Items from a data source
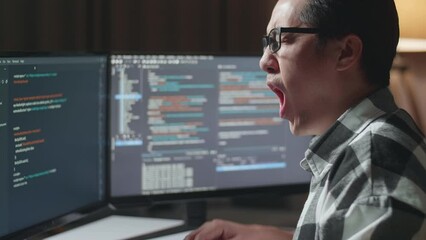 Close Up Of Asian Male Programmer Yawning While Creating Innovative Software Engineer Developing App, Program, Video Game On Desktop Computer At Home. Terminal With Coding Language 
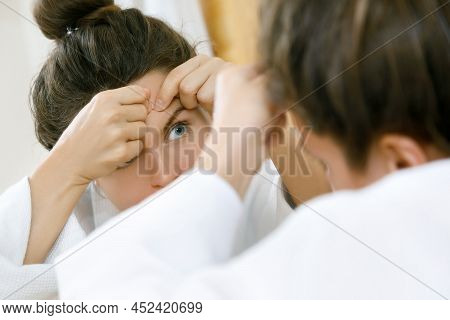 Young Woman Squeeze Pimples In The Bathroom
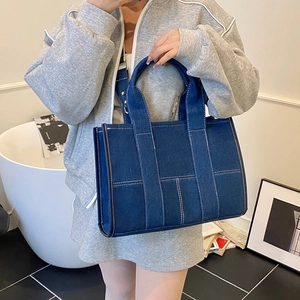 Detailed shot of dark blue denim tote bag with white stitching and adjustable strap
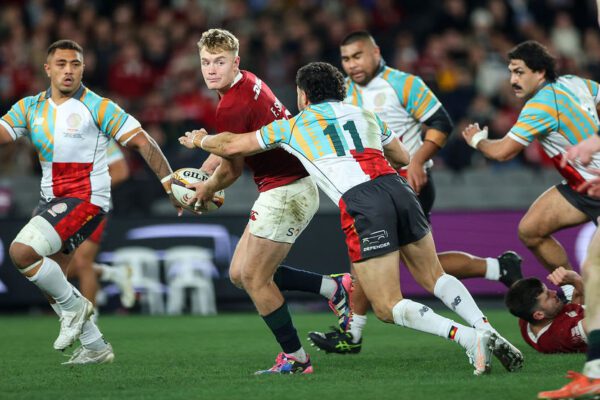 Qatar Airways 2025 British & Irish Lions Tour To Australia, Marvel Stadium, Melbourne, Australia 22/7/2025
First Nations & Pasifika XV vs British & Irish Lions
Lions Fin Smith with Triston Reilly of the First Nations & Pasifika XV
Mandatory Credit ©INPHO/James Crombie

_TASK REQUIREMENTS_
All lines from the one containing "First Nations & Pasifika XV vs" through the last line of the data must be set down exactly. No other lines belong in the answer.

_SOLUTION FOR THIS TASK_
First Nations & Pasifika XV vs British & Irish Lions
Lions Fin Smith with Triston Reilly of the First Nations & Pasifika XV
Mandatory Credit ©INPHO/James Crombie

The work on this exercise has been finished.